This known training device works in a quite satisfactory manner, but can be further improved with regard to certain functional requirements. Especially the use of such training devices in medical rehabilitation centres thus requires both high accuracy in maintaining a desired torque and limit stops which can precisely be adjusted for the range of movement of the training element. Such limit stops are particularly significant, for example, when the maximum deflection angle of a joint of the body after surgery is to be restored to its normal value by means of workout exercises in defined steps.
A training device having a three phase AC motor for generating torque is known from FR 2 709 067 A1, where both the speed of rotation of the motor is measured by a frequency-analogue rate sensor and the torque output is measured by a force sensor. The speed of rotation measured is used for controlling the frequency and the torque measured is used for controlling the motor current. The concept of this training device thus comprises two sensors and two interconnected control loops and its implementation therefore involves relatively high design complexity. Measuring the force by a sensor further involves potential problems such as the effects of temperature, drift as well as malfunctions resulting from vibration or impacts.

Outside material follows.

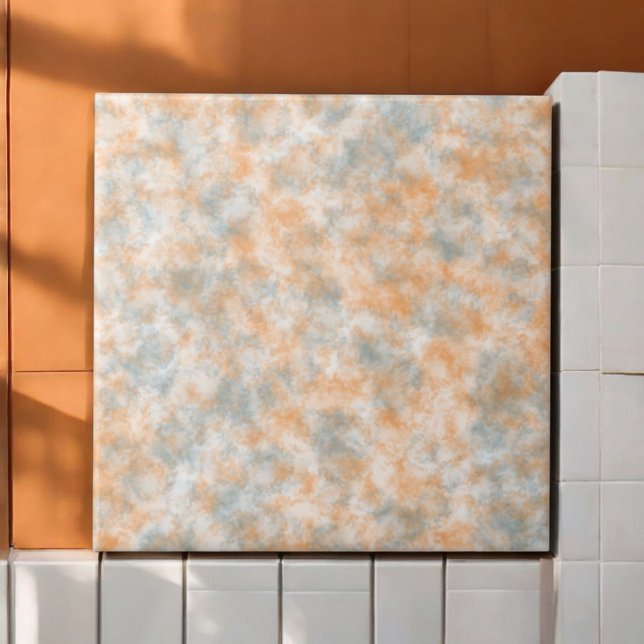 Elegant Orange Grey Watercolor Marble  Tile (Creator Uploaded)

With regard to this state of the art, it is the object of the present invention to provide a training device as initially described above which maintains a preset torque with a high degree of accuracy while simultaneously limiting the range of movement by precisely adjustable limit stops and which is characterised by simple and reliable design features.
According to the invention, this object is achieved by a training device having an angle-of-rotation sensor, associated with a motor, whose measured signal (φM) is supplied to both a frequency converter and a control unit, further in that the frequency converter is fed by the control unit with a setpoint value (MM) for the torque to be generated by the motor, which setpoint value receives the measured signal (φM) from the angle-of-rotation sensor, and further in that the frequency converter adjusts the frequency and amperage of the motor current using the principle of field-oriented control.
The training device according to the invention stands out in that, as a measuring variable for torque control, the angle of rotation is sensed by an angle-of-rotation sensor whose measured signal is then supplied to both the frequency converter and the control unit. The frequency converter adjusts the frequency and the motor current using the principle of field-oriented control. It is true that the latter as such is a known concept of controlling an induction motor, but not in connection with training devices of the kind discussed in this context.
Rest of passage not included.